SunriseHow do you take recovery with you when you travel? I talked with Mara about her recent experience traveling for several months, and how she kept her recovery program alive.

Our conversation was very loosely guided by these questions:

  • Did you think about how you were going to take your recovery program with you before you left home?
  • What did you take with you? (Literature, phone numbers, meeting locations / list?)
  • What were your expectations about what you would find at your destination (that could support your recovery)?
  • How did you use what you brought?
  • Did you make program calls? Text?
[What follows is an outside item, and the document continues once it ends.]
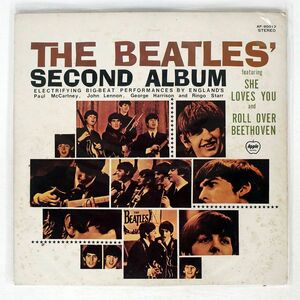 BEATLES/SECOND ALBUM/APPLE AP80012 LP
Email?
  • How did what happened match (or not) your expectations (of practicing recovery)?
  • Did you attend in-person meetings?
  • Did you attend online meetings?
  • What did you find challenging about practicing your recovery program while traveling?
  • How did your program help you enjoy your travel?
  • What else would you like to share about your experience?

Upcoming topics include Tradition 5, Progress, and Humility. Tradition 5 says “Each Al-Anon Family Group has but one purpose: to help families of alcoholics. We do this by practicing the Twelve Steps of AA ourselves, by encouraging and understanding our alcoholic relatives, and by welcoming and giving comfort to families of alcoholics.” Please call us at 734-707-8795 or email feedback@therecoveryshow.com with your questions or experience, strength and hope. Or just leave a comment right here.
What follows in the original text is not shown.